You are viewing a plain text version of this content. The canonical link for it is here.
Posted to issues@spark.apache.org by "Sean R. Owen (Jira)" <ji...@apache.org> on 2019/10/27 01:53:00 UTC
[jira] [Commented] (SPARK-27842) Inconsistent results of Statistics.corr() and PearsonCorrelation.computeCorrelationMatrix()

    [ https://issues.apache.org/jira/browse/SPARK-27842?page=com.atlassian.jira.plugin.system.issuetabpanels:comment-tabpanel&focusedCommentId=16960498#comment-16960498 ] 

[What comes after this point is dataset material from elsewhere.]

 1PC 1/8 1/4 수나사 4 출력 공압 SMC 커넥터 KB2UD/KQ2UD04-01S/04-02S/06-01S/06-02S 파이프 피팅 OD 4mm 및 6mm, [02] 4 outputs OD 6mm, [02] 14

Sean R. Owen commented on SPARK-27842:
--------------------------------------

I'd like to look into it. What numbers do you see in the two runs? very different or very small differences?
My guess is that you get different orders of the values in the two cases because you have a different number of executor slots. In theory doesn't make a difference, in practice probably causes some slight differences due to some floating-point inaccuracies. I don't know enough yet to say whether that's it and whether it's resolvable.
I'd also be interested to know if it occurs on the master branch.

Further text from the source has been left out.